Bio? Das ist allenfalls ein Luxus für Wohlhabende. Denn die Aufgabe lautet, künftig neun Milliarden Menschen zu ernähren. Dies kann nur gelingen, wenn Nahrungsmittel industriell produziert werden.“ Ein durchaus logisches Argument, das gleich zu Beginn im Klappentext des erst vor wenigen Wochen erschienenen Buchs „Food Crash“ zu lesen ist. Dieser Aussage stellt aber der Autor Felix zu Löwenstein gleich die Frage gegenüber, ob der Hunger in der Welt nicht vielmehr die Grundlage für ein florierendes Geschäft der internationalen Agrar-Industrie mit Pestiziden, Düngemitteln und Gentechnik-Saatgut ist.
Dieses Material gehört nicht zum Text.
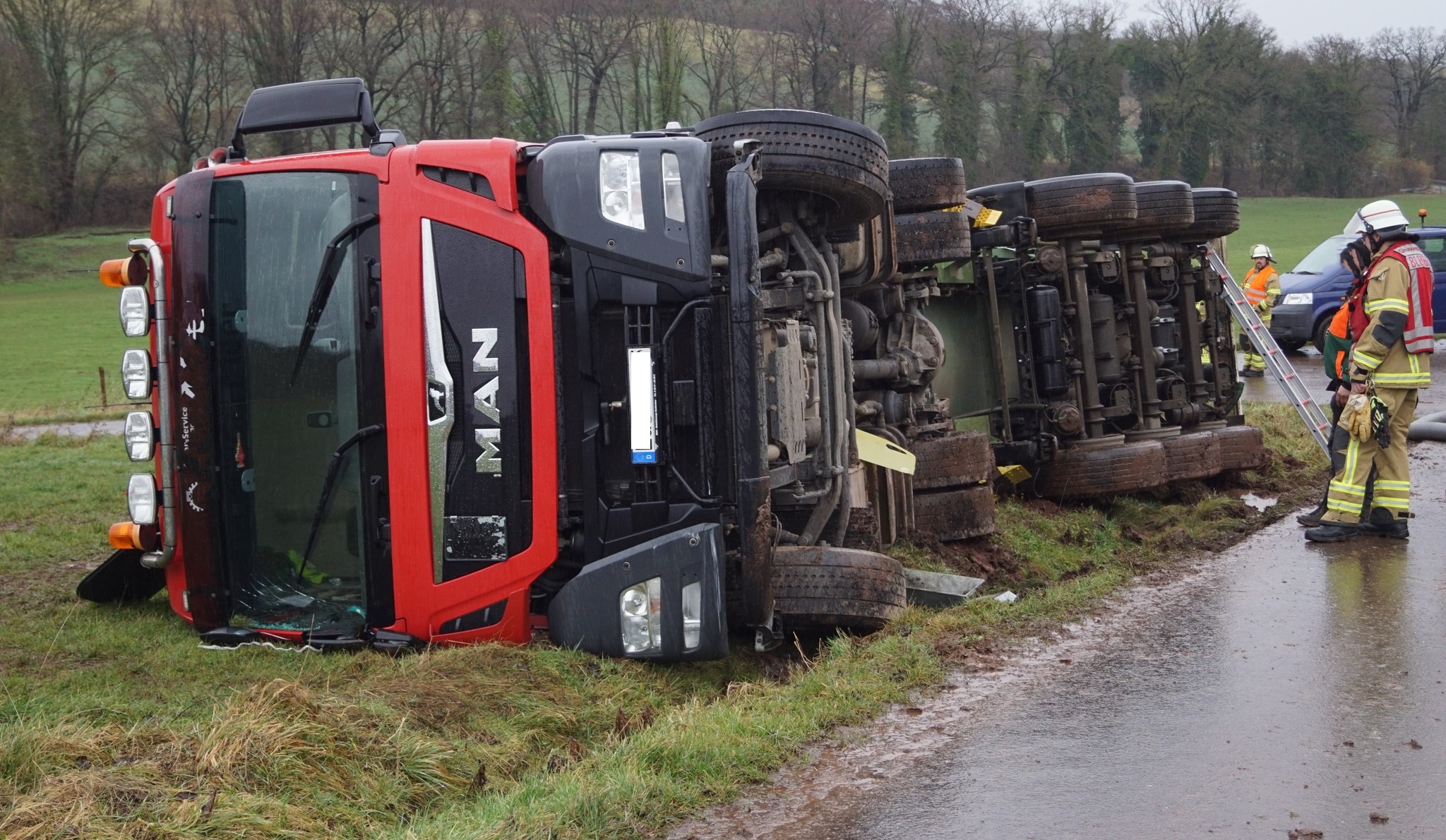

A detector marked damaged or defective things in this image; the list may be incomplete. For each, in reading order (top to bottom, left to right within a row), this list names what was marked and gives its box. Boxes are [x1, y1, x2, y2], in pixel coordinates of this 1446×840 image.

overturned man truck [85, 79, 1260, 661]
Der Autor selbst ist ein Kenner der Branche: Er ist Landwirt und arbeitete in der internationalen Entwicklungshilfe. Heute bewirtschaftet er seinen Betrieb biologisch und engagiert sich für den Anbauverband Naturland, für den Bund Ökologische Lebensmittelwirtschaft (BÖLW) und für das Forschungsinstitut für biologischen Landbau (FIBL Deutschland).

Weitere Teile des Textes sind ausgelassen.